O boletim Focus, por exemplo, estima que o dólar comercial feche o ano na faixa de R$ 3,75 e atinja R$ 3,89 ao final de 2.020. No curto e médio prazo, o dólar pode oscilar muito diante de influências internas e externas.

O ouro negociado como ativo financeiro na B3 (antiga BM&FBovespa) sofre influência das cotações do dólar frente ao real e das oscilações do metal no mercado internacional. Ou seja, se o dólar não se valoriza frente ao real, o ouro tem menores chances de render mais.

Cenários versus bolsa

Os cenários da economia brasileira e da mundial influenciam o comportamento de todos os ativos financeiros, especialmente, os das ações emitidas pelas empresas de capital aberto para a captação de recursos a custos menores no mercado e, também, em busca de gestão mais profissional que possa perpetuar ou alongar suas existências.

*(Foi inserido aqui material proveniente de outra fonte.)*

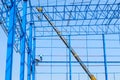 People working on an industrial blue infrastructure near a crane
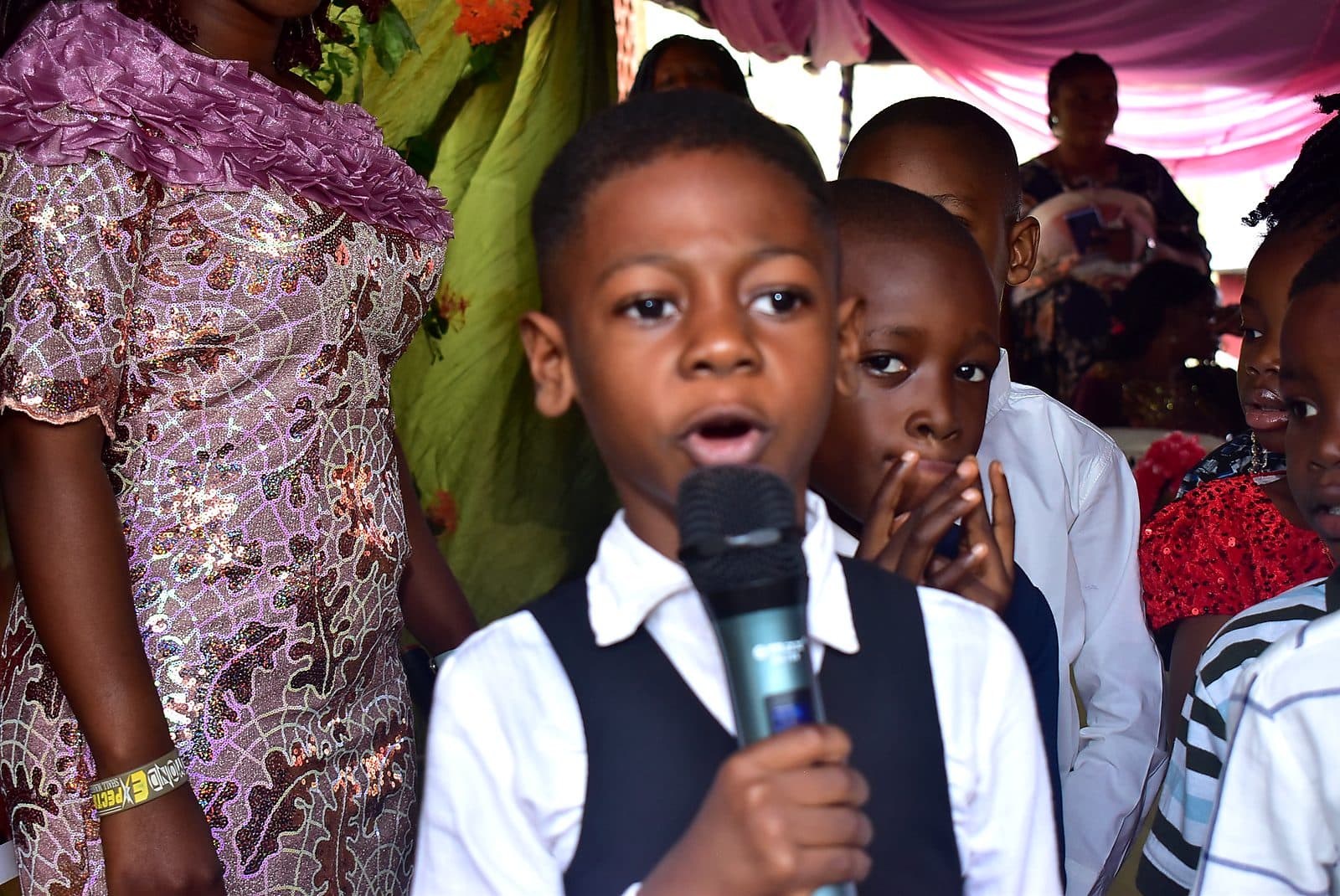 A pupil speaking into the microphone in front of the school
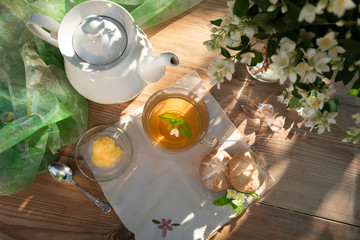 Mint jasmine tea with honey in the country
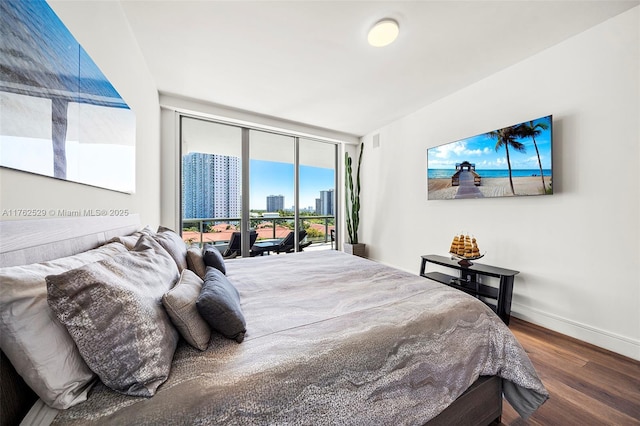 bedroom featuring baseboards, floor to ceiling windows, wood finished floors, a view of city, and access to outside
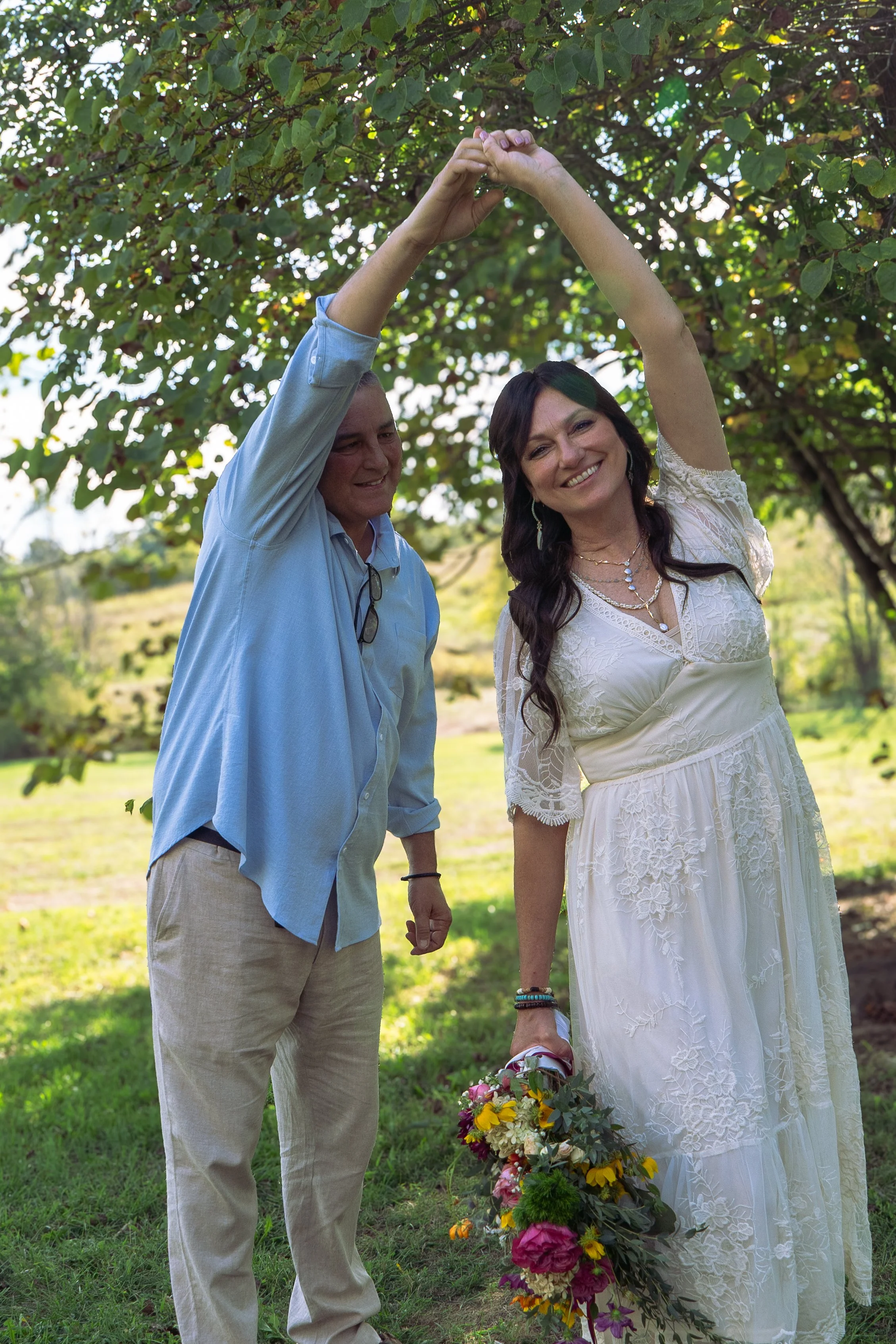 A woman in a white dress is holding a bouquet of flowers at her feet, smiling, while a man in a light blue shirt and beige pants stands next to her, both with their hands joined above their heads as if forming a heart shape, outdoors under green leaf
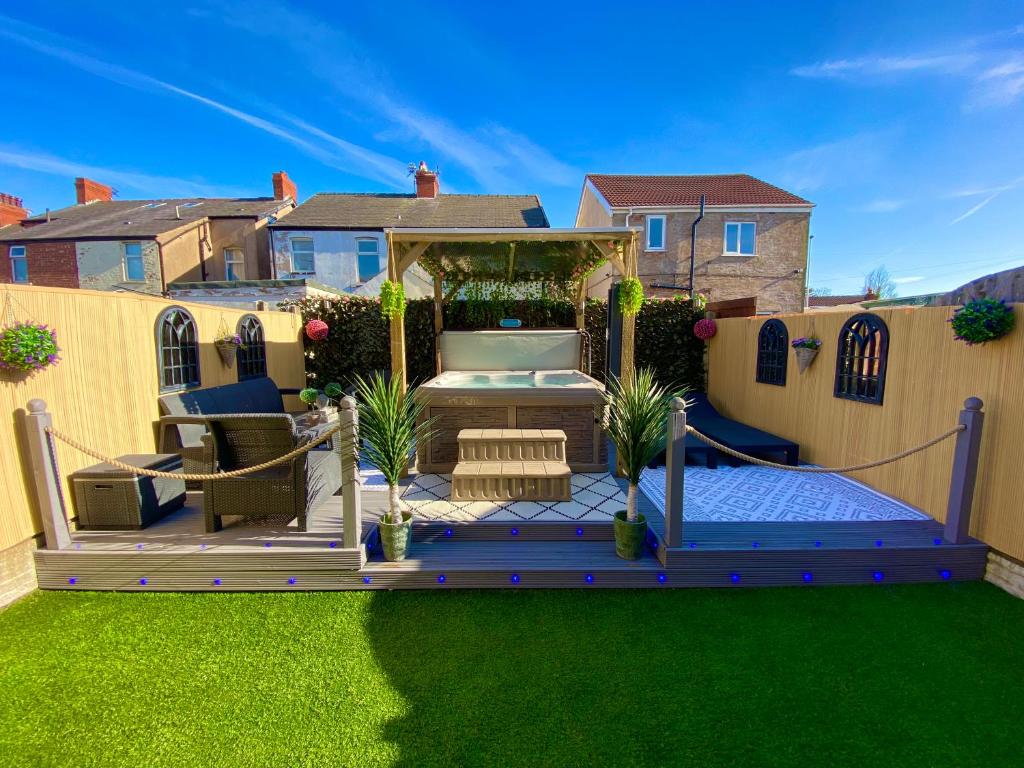 a backyard with a wooden deck and green grass at NEW…THE HOTTUB HOUSE BLACKPOOL PLEASURE BEACH in Blackpool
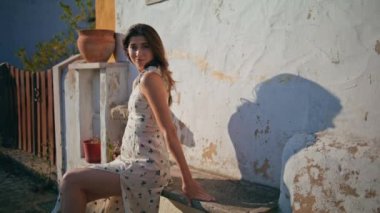 Seksi kadın, güneş gören köy bankı. Gülümseyen romantik kadın saçlarına dokunuyor yaz ortasında eski Beyaz Saray duvarına yaslanıyor. Güzel esmer, ısınan güneş ışınları tatilde hafif rüzgarın tadını çıkarıyor.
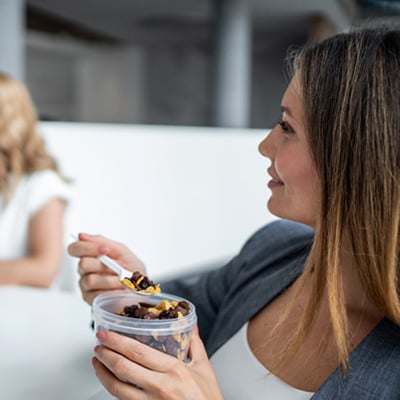Woman eating a container of mixed nuts and dried fruit while another person holds an apple at a desk.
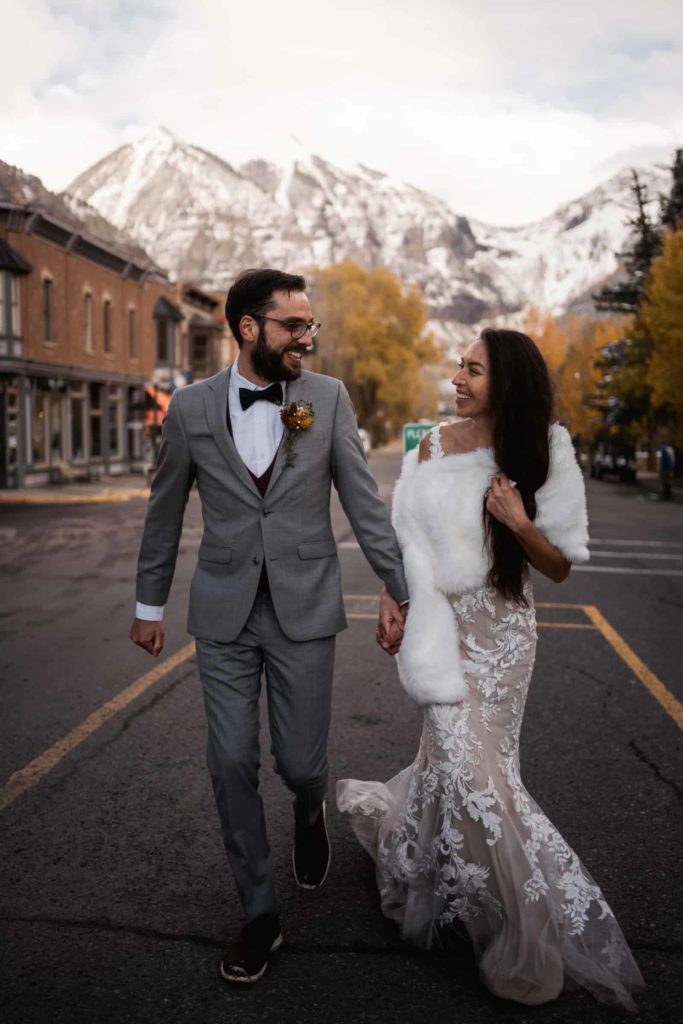 telluride destination wedding of bride and groom running down the town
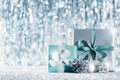 Beautiful wrapped christmas gifts and ornaments with defocused christmas lights in the background. Christmas backdrop. Royalty Free Stock Photo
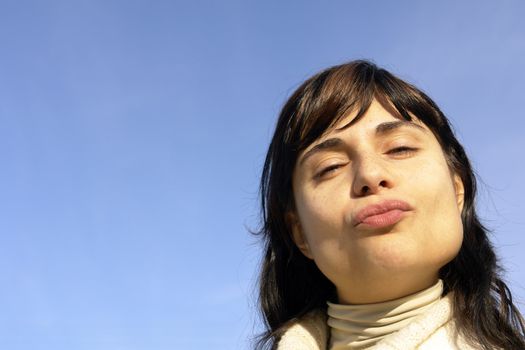 woman portrait with the sky as background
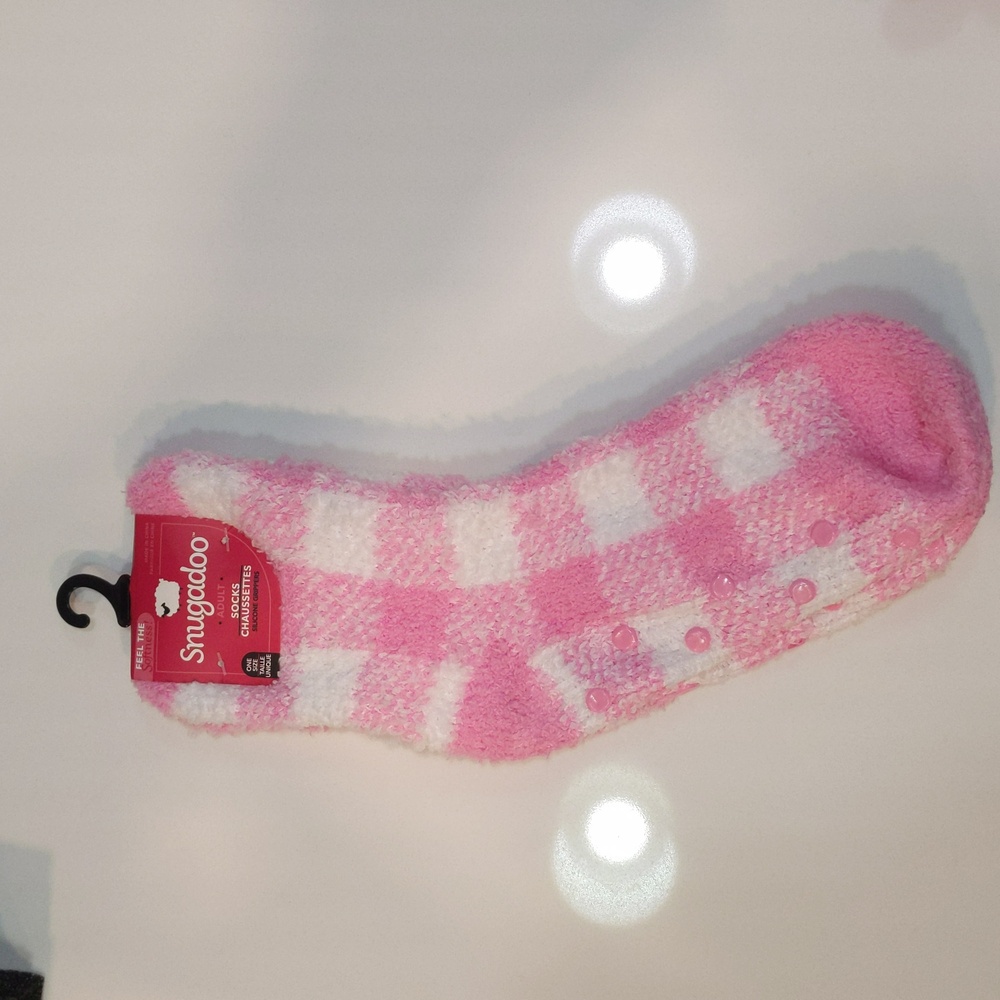 Pink Snugadoo fuzzy socks with grips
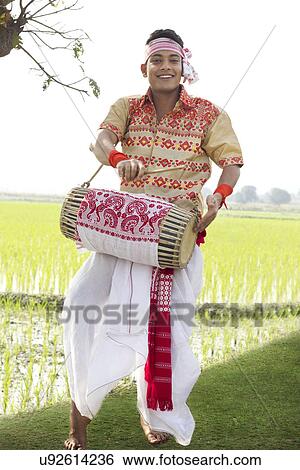 Portrait of Bihu man playing on a dhol View Large Photo Image Stock Photograph - Portrait of Bihu man playing on a dhol . Fotosearch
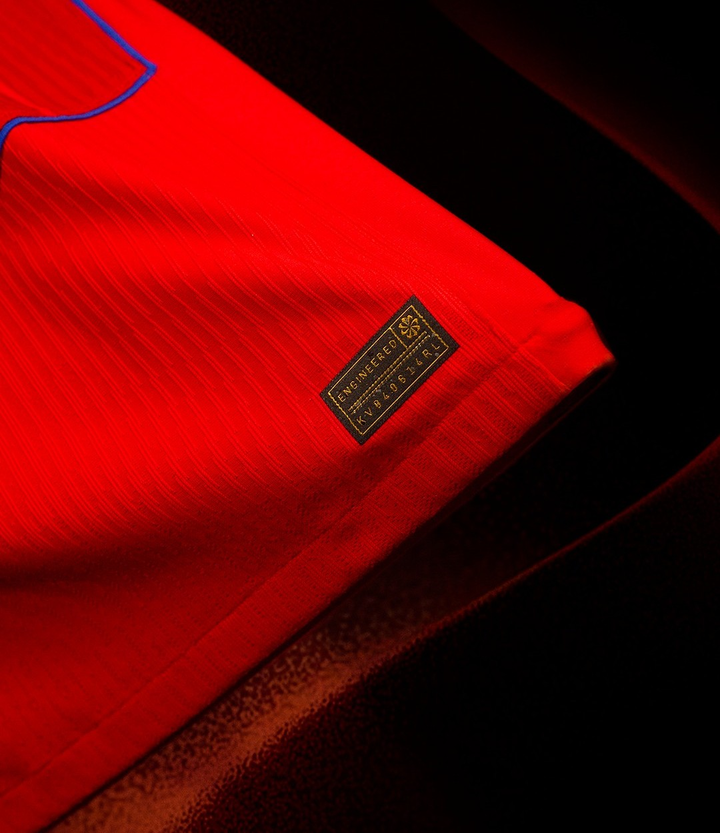 Detail of the Striker Store PSG third jersey 2025-26 pre order with vibrant red fabric and emblem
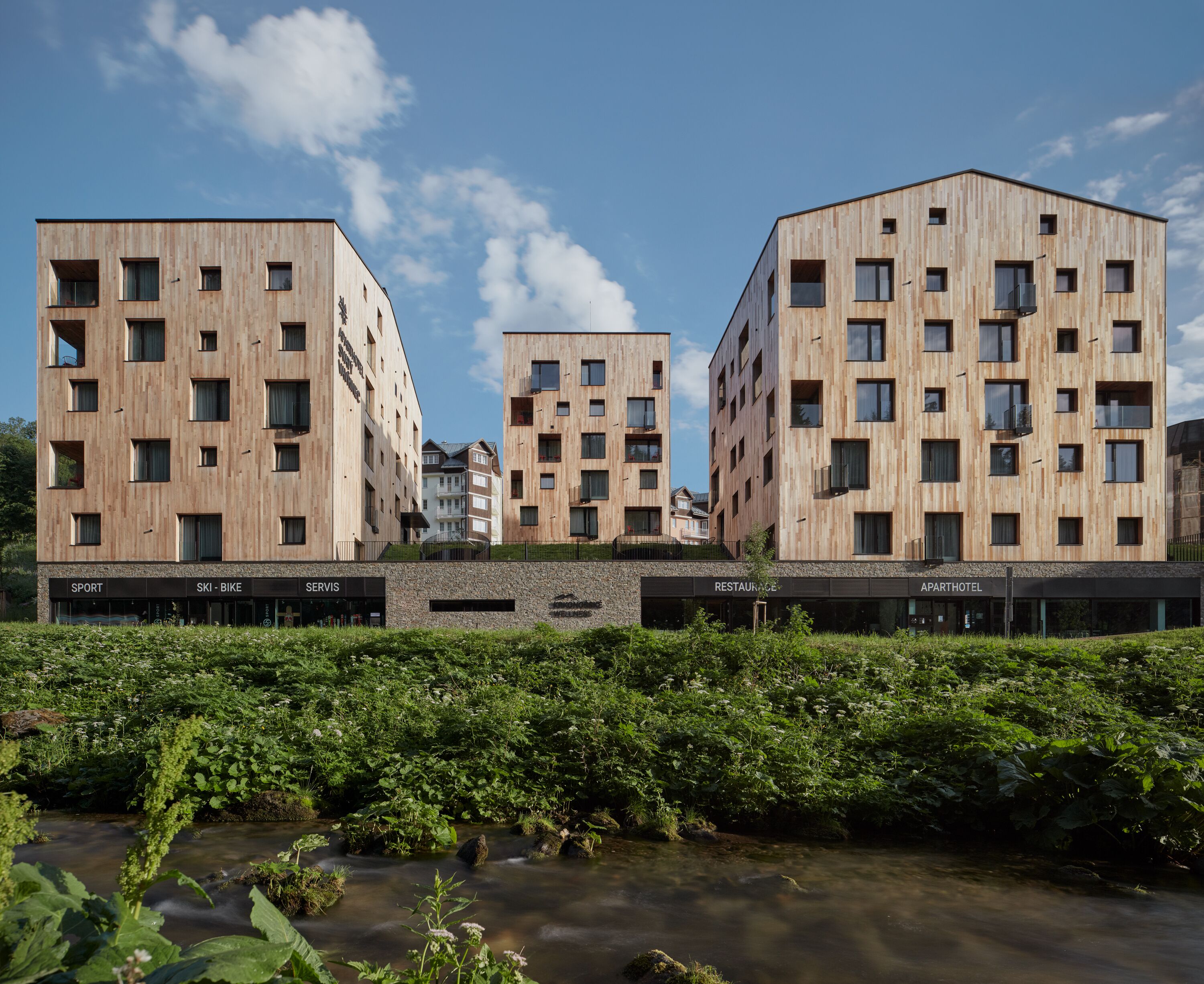 A modern building with multiple floors, featuring a mix of rectangular and square windows. In front of the building, there is a landscaped area with a small stream and lush greenery.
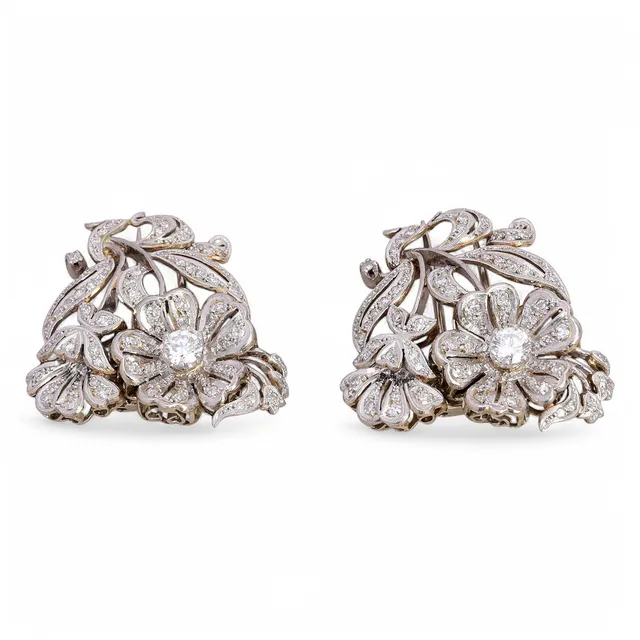 Pair of diamonds clip brooches, mid 20th Century.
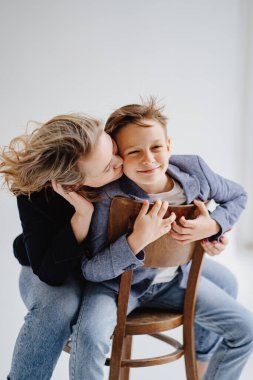 Mavi elbiseli bir anne eğleniyor ve fotoğraf çekimi için poz veriyor.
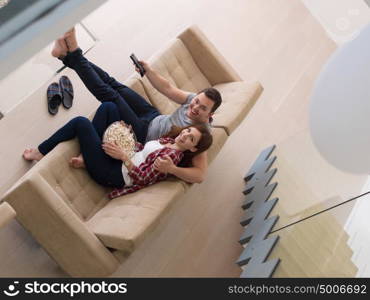 young handsome couple enjoying free time watching television with popcorn in their luxury home villa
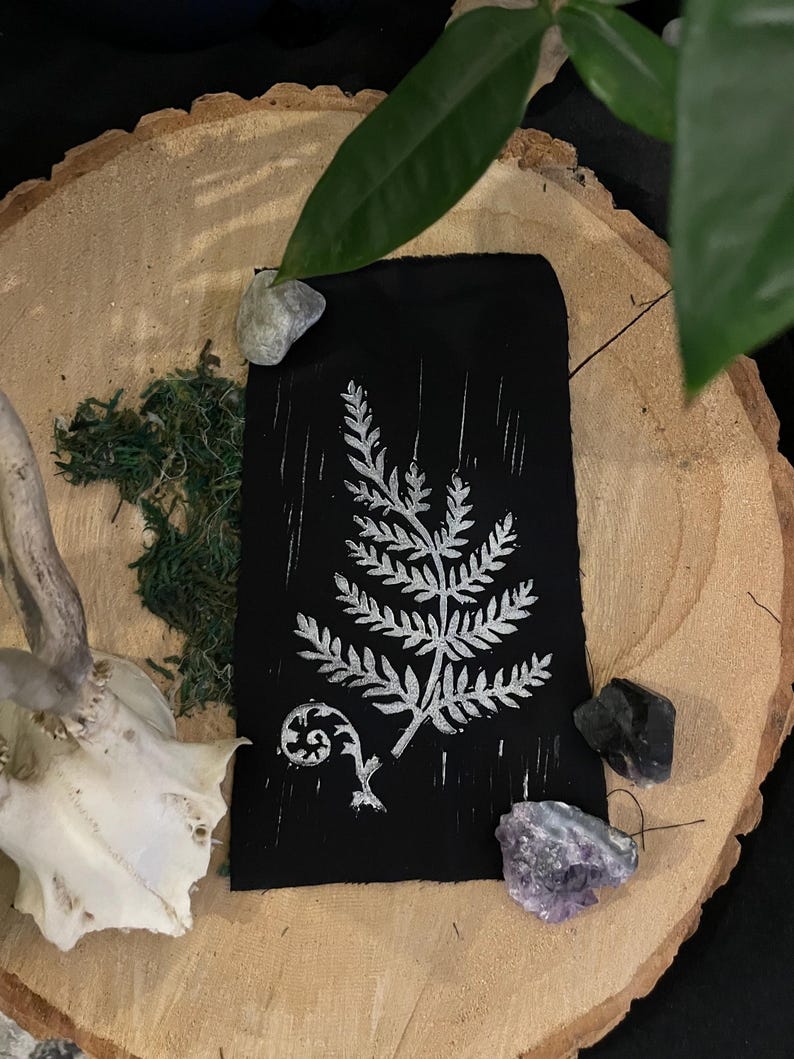 May include: A black fabric print with a white fern design. The print is on a wooden surface with a small piece of moss and a few crystals.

No cenário externo, geram preocupações a disputa comercial entre EUA e China, a implementação do acordo entre o Mercosul e a Europa, o início dos entendimentos entre nosso País e os americanos para um tratado comercial, disputas no Oriente Médio e até a instabilidade gerada pelos pronunciamentos do presidente Donald Trump. Na América Latina, a grave crise na Venezuela e as dificuldades da econômicas da Argentina também são objetos de preocupação.

No cenário interno, a situação da economia é cada vez mais favorável. Mas, persiste uma preocupação básica: as divergências constantes do presidente Jair Bolsonaro com diversas pessoas sem expressão, jornalistas petistas em fim de carreira, personalidades, entidades e o presidente da OAB Nacional que não representa a categoria dos advogados.

Até o noticiário sério perde. No dia em que ocorreu o massacre dos 58 presos no Pará, 16 dos quais decapitados, a emissora líder em audiência deu mais destaque à versão de Bolsonaro sobre a morte de um militante de esquerda nos anos 70.

Temas de maior interesse ficam em segundo plano na mídia que não divulga a série de acertos e providências econômicas corretas que vem sendo tomadas pelo governo. São raras as entrevistas como a do ministro Tarcísio Freitas, da Infraestrutura, sobre as correções de rumo neste importante setor da economia.

O debate econômico nos últimos meses também ficou restrito à reforma da previdência, enquanto o País se depara com as previsões de crescimento de 0,82% do Produto Interno Bruto (PIB) este ano e de 2,5% de expansão em 2.020.

Mesmo com a queda do desemprego para a faixa de 12 milhões e do total de desalentados e subempregados para menos de 29 milhões, sem o crescimento econômico forte, não será possível o alcance de equilíbrio fiscal expressivo nos próximos anos.

Lucros & dividendos

O registro de novos lucros trimestrais expressivos pelos bancos no segundo trimestre, o resultado recorde de R$ 18 bilhões da Petrobras no mesmo período, a expectativa de a mineradora Vale conseguir superar em médio prazo os estragos do desastre ambiental de Brumadinho, a previsão de a Samarco voltar a operar são alguns fatores que movimentam positivamente o mercado de ações. As companhias do setor de consumo estão otimistas com a retomada das vendas, mesmo com a continuidade do desemprego em patamar elevado.

A queda da Selic estimulou ainda mais as ofertas de ações neste segundo semestre. O total das ofertas do ano pode alcançar o montante de R$ 100 bilhões e representar boas oportunidades para o investidor que quiser entrar no mercado.

Em tempo de renda fixa pagando menor rentabilidade, os dividendos oferecidos pelas companhias, independente das oscilações dos preços de suas ações, tornam-se ainda mais decisivos na escolha das melhores opções na bolsa brasileira. Companhias pagaram dividendos anualizados de até 16% no primeiro semestre como a mineira Direcional. Cemig, MRV, Taesa são outras empresas ligadas a Minas que continuam pagando bons dividendos.